Week 2 Assignment (Due on Monday, April 23).

Read the following papers on DSMS:

Models and Issues in Data Stream Systems
. by B. Babcock, S. Babu, M. Datar, R. Motwani, and J. Widom. Invited paper in Proc. of PODS 2002, June 2002.

Query Languages and Data Models for Database Sequences and Data Streams. By Yan-Nei Law, Haixun Wang, Carlo Zaniolo. VLDB 2004.

A Data Stream Language and System Designed for Power and Extensibility. By Yijian Bai, Hetal Thakkar, Chang Luo, Haixun Wang, Carlo Zaniolo. CIKM 2006.
  • Deliverables:

Task 2.1 Write a short (one page or two powerpoint slides ) report on Coral8 (vs. Streambase)

Task 2.2 Write a short (one page or two powerpoint slides ) report on Streambase (vs. Coral8)

Taks 2.3 Show some blocking and non-blocking queries in SQL-MR and, for each, explain why it is or it is not blocking.

Task 2.4. Assume that you have a table describing Ebay bids for the day.

Bids ( itemID /* the item being bid for*/,
price, /* bid price*/
bidderID, /* id of the bidder*/
timestamp /* time when bid was registered*/)


Write two ESL UDAs to compute the SUM and the SUM-DISTICNT over a window, and use them to return, for each itemID, the sum and sum-distinct of the prices over the last 100 bids.

 


 

Week 1 Assignment (Due on Monday, April 9).

* Study K. Guion's overview on OLAP Functions.

* Study the proposed Match-Recognize ANSI Standards for SQL (SQL-MR for short)

Turn in your answer to the following assignment:

Task 1.1. Assume that you have the following temporal table:

emp(Eno, Project, Tstart, Tend)

Denoting periods of time during which an employee has worked on a project. The closed intervals denoting these periods could overlap, and thus you need to coalesced them into maximal periods. Suggestion, sort all events in a sequence, and then use SQL-MR to do the actual coalescing, and reconstruct the original table with the intervals coalesced.

Task 1.2. Sensors have detected locations of objects at certain time.
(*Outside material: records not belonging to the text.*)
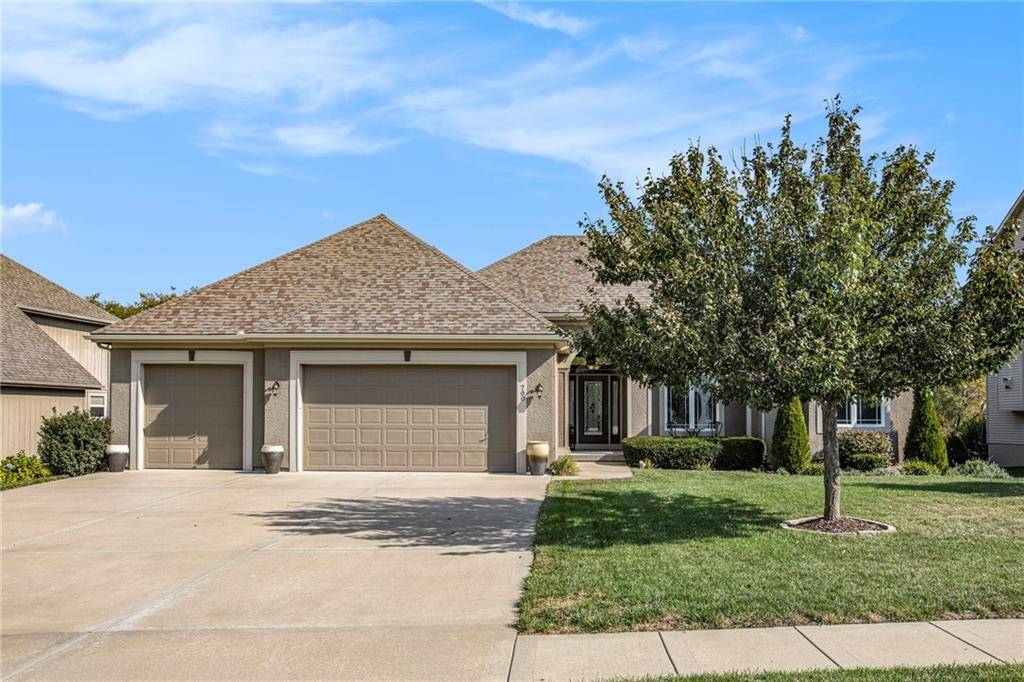 Smithville, MO 64089,700 Indian Trail CT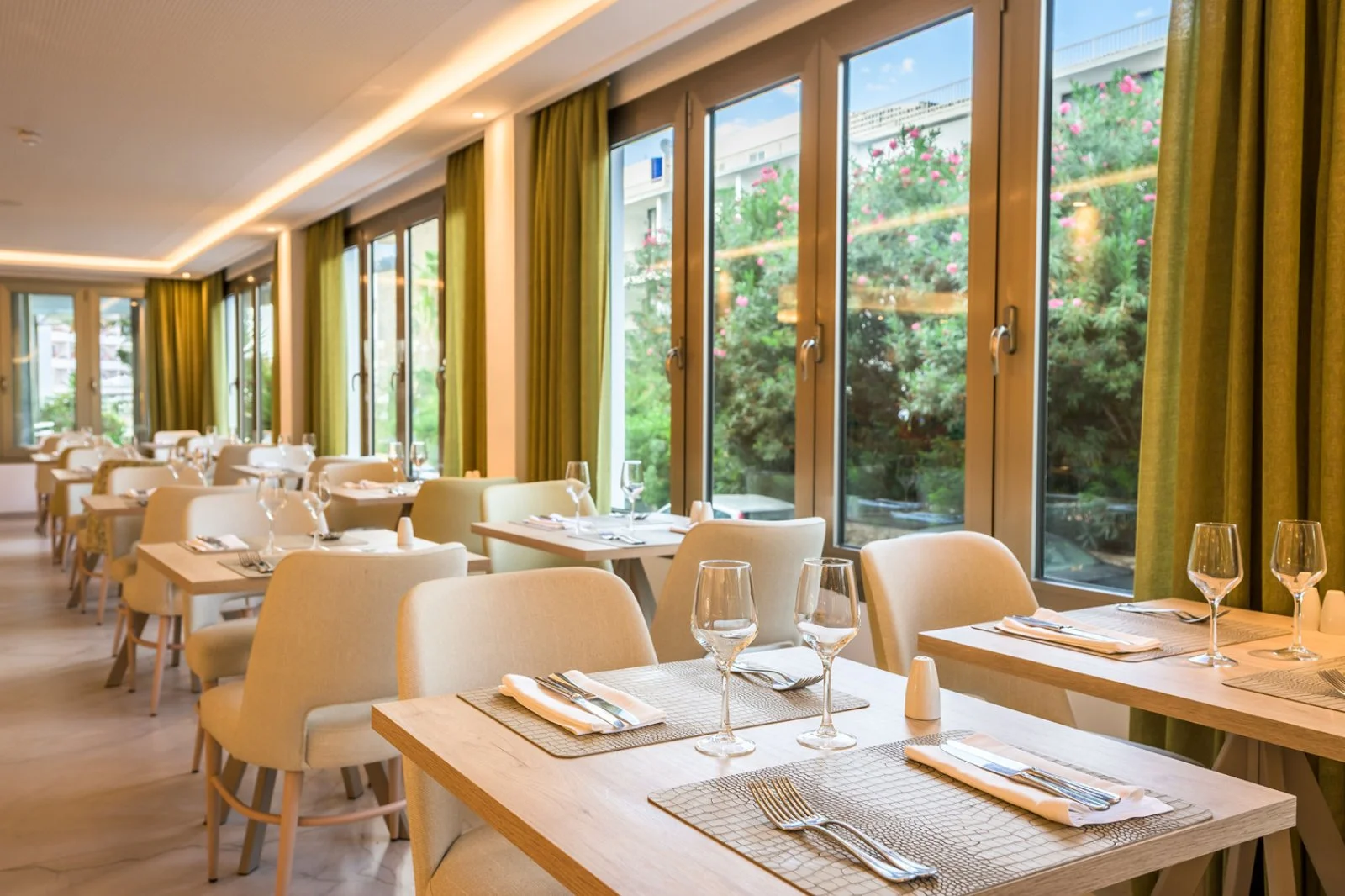 BELLAMAR HOTEL – Sant antoni de portmany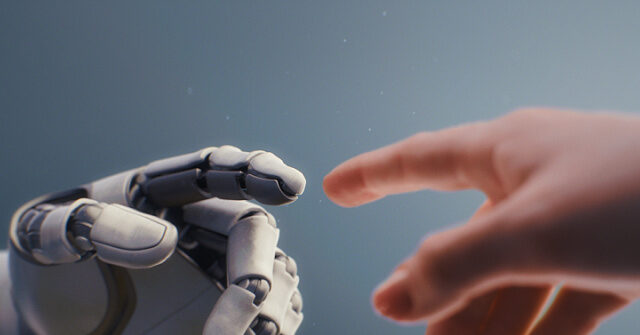 Policy Event on AI: Understanding Our Fears and Embraces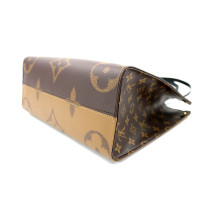 Louis Vuitton OnTheGo MM Reverse Monogram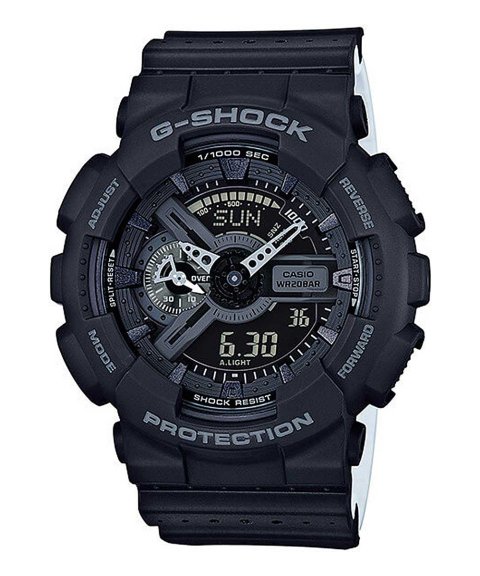 G-Shock Classic Relógio Homem GA-110LP-1AER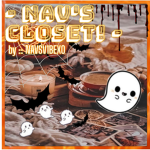 - Nav's Closet! -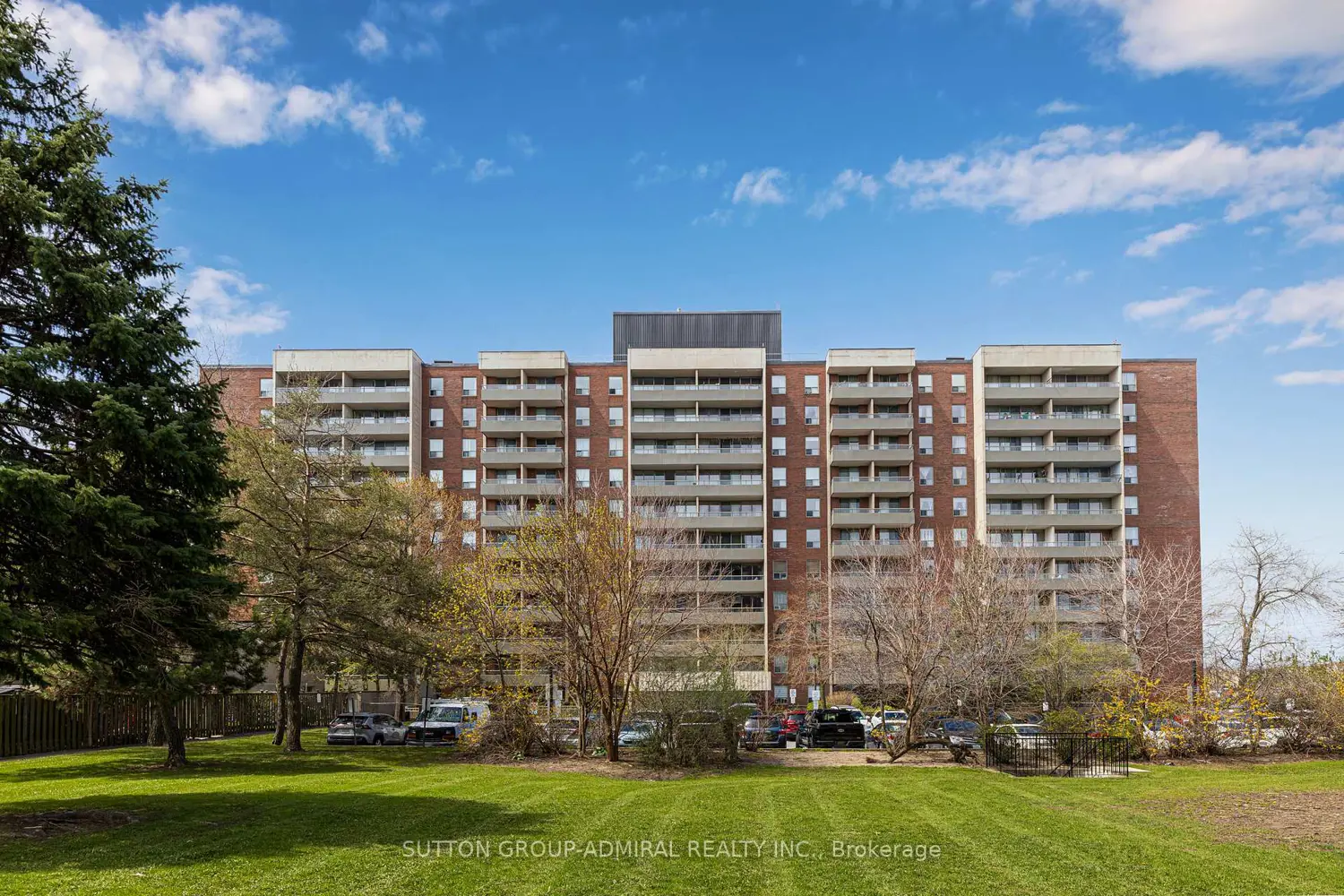 19 Four Winds Drive 1103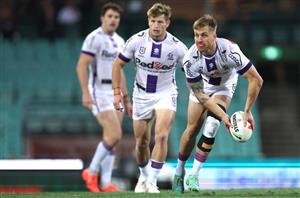 Melbourne Storm vs Sydney Roosters Tips & Preview - Storm to end Roosters' season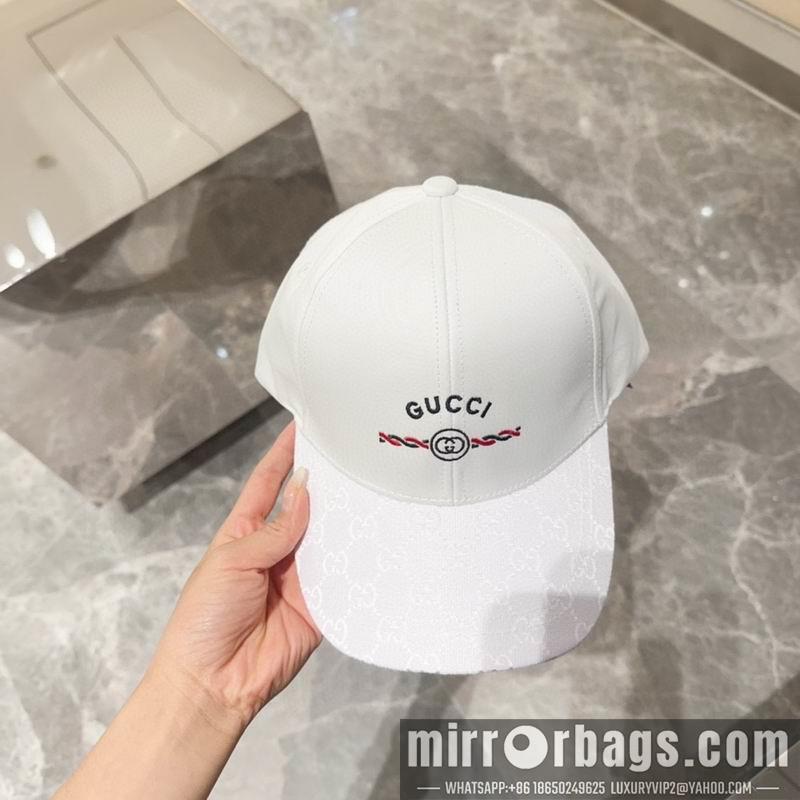 Gucci Hat 121401
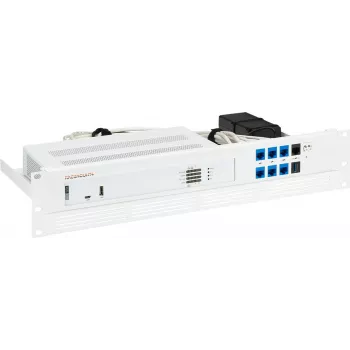 Rackmount.IT RM-SR-T15 Αξεσουάρ rack Στήριξη firewall σε rack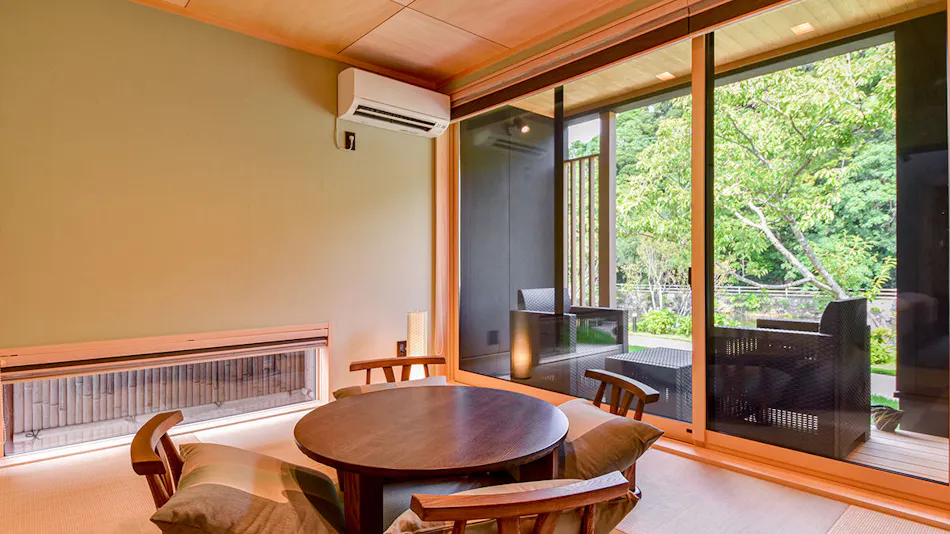 AUBERGE YUSURA - A Ryotei Inn Where You Can Feel the Japanese Spirit in Every Detail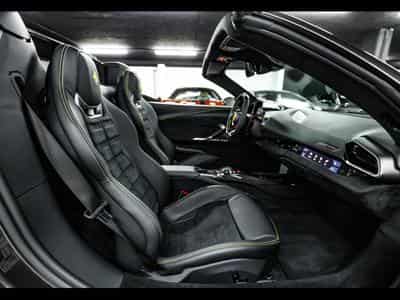 Ferrari 296 GTS FRANCE - CANNA DI FUCILE – FULL XPEL (2024) - Photo 14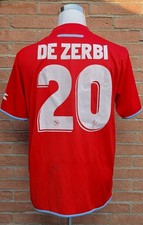 Maglia napoli diadora usato  Asti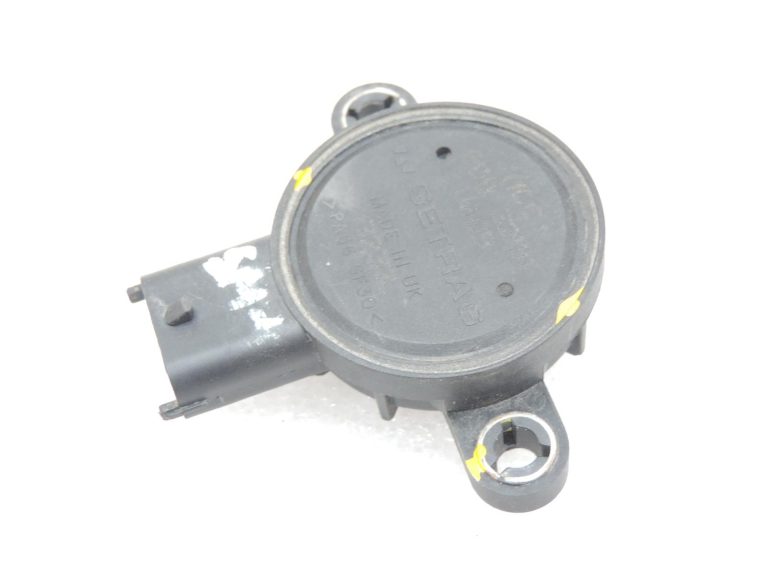 Smart ForTwo W450 0,7 Turbo pārnesumkārbas sensors, pagrieziena leņķa sensors 0003254V009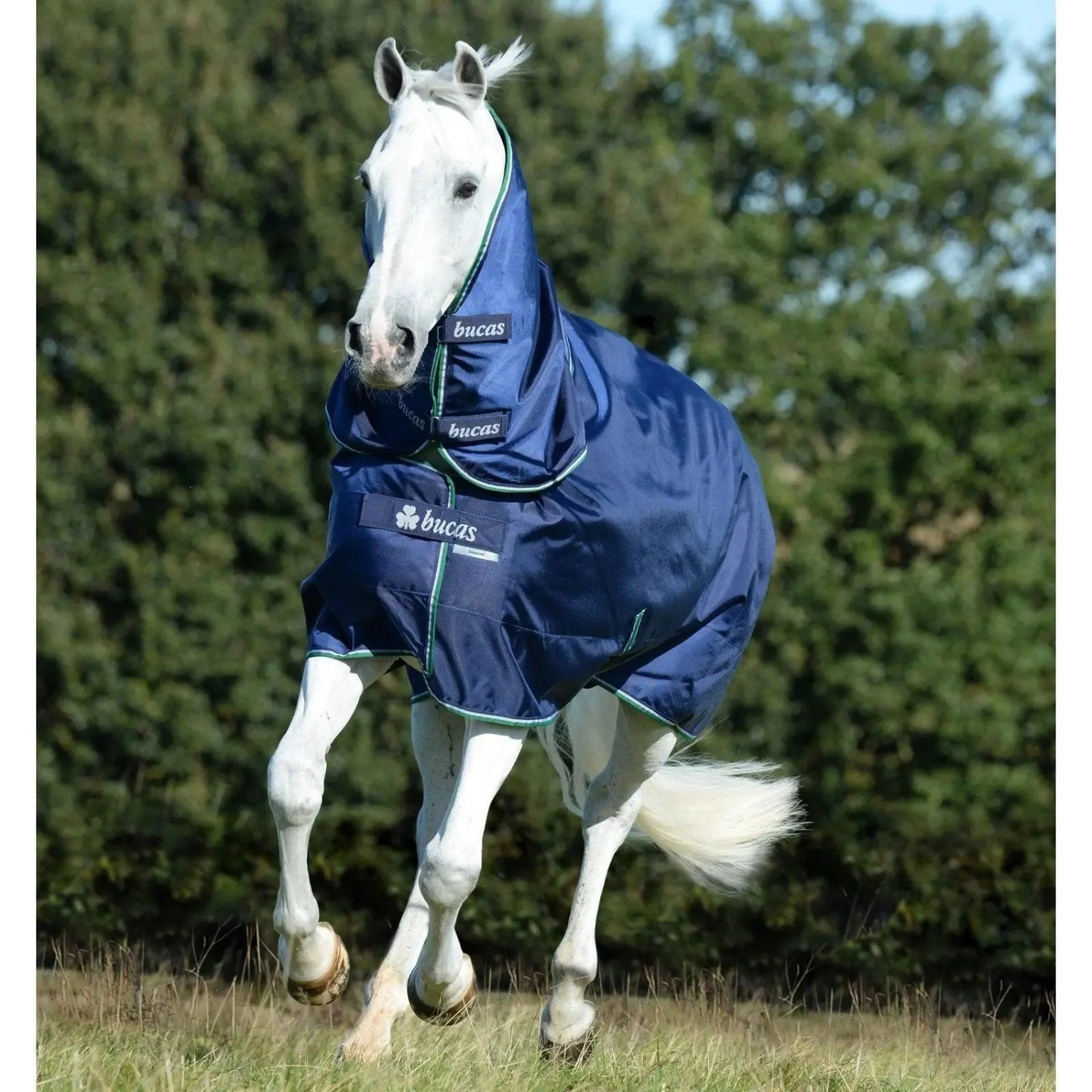 Bucas Smartex Combi Neck 115 Gr - Image 7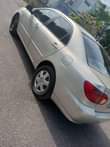 A picture of 2004 Toyota Corolla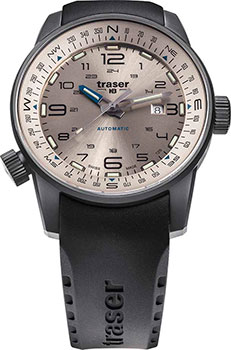 Часы Traser Pathfinder TR.110455
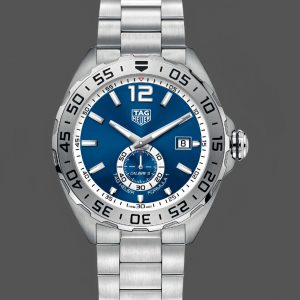 TAG Heuer Formula 1 Calibre 6 Automatique WAZ2012.BA0842 43mm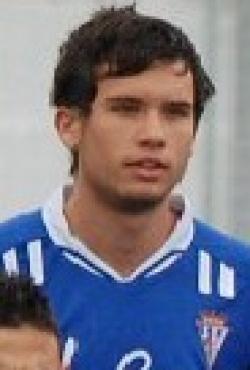 Juan Alberto (San Fernando C.D.) - 2010/2011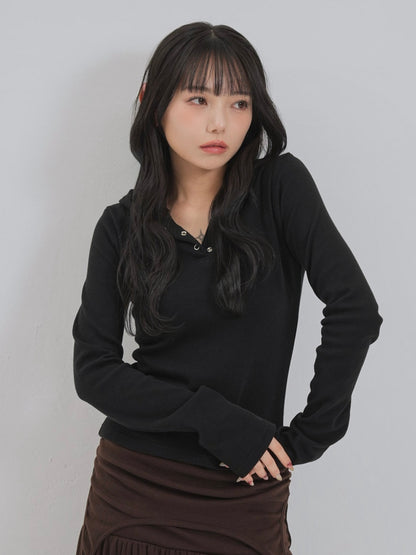 tight line hood tops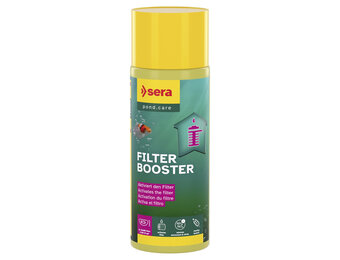 Sera Pond Filter Booster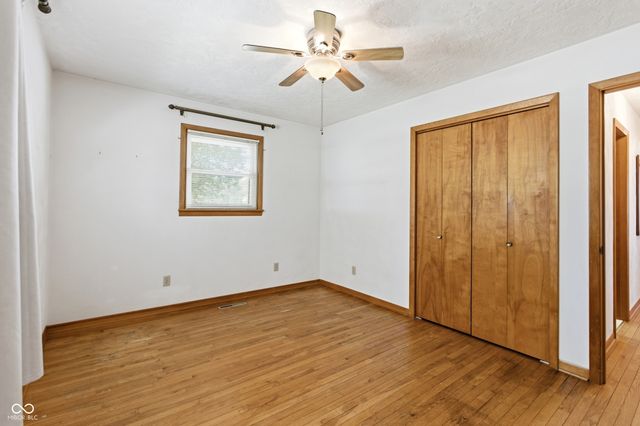 875 N 600 W, Anderson, IN 46011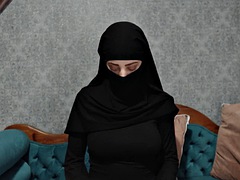 Arabe, Mère que j'aimerais baiser, Solo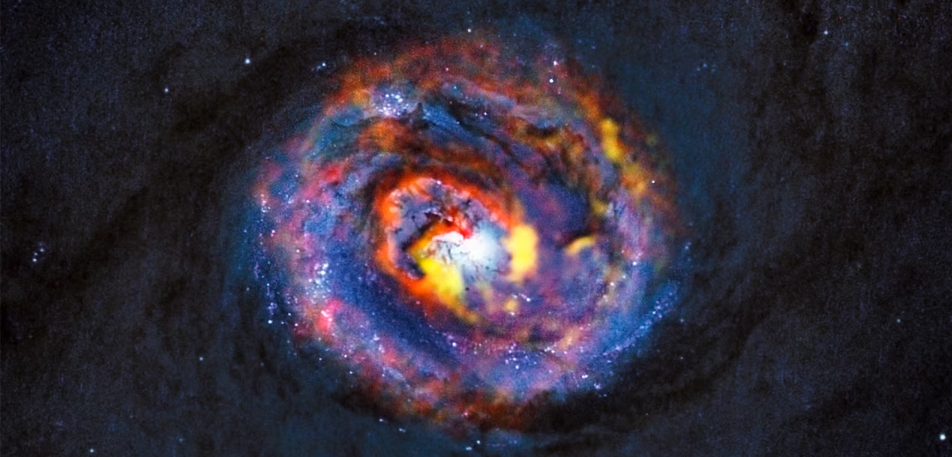 Could Our Universe Be Inside a Black Hole?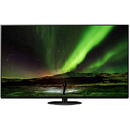 Panasonic OLED TV Panasonic, 164 cm/ 65 inch, Smart TV | Internet TV, ecran plat, rezolutie 4K UHD 3840 x 2160, boxe 50 W, "TX-65JZ1500E" (include TV 14lei)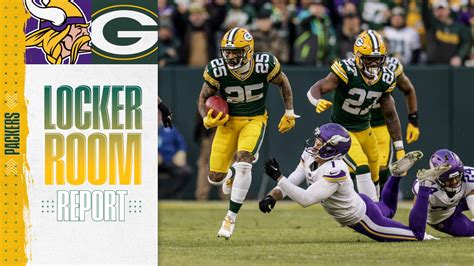 Keisean Nixon’s historic drive to the end zone propels Packers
So

items( itemNo, SensorNo, Time)

Write an SQL-MR query to detect objects that are going around in a cycle, i.e., they have returned to the same location withing one day. Many objects do not move fast, so the sensor might produce consecutive readings of the same object even if this is not in a cycle.

Task 1.3. Express in SQL-TS the example query of Section 2.1 of the SQL-MR document.

Task 1.4. Write a short (one page or less) report on SQL-MR explaining the parts that, in your view, have problems or require clarification (e.g., my view is that outputs are not clear in the presence of alternative patterns).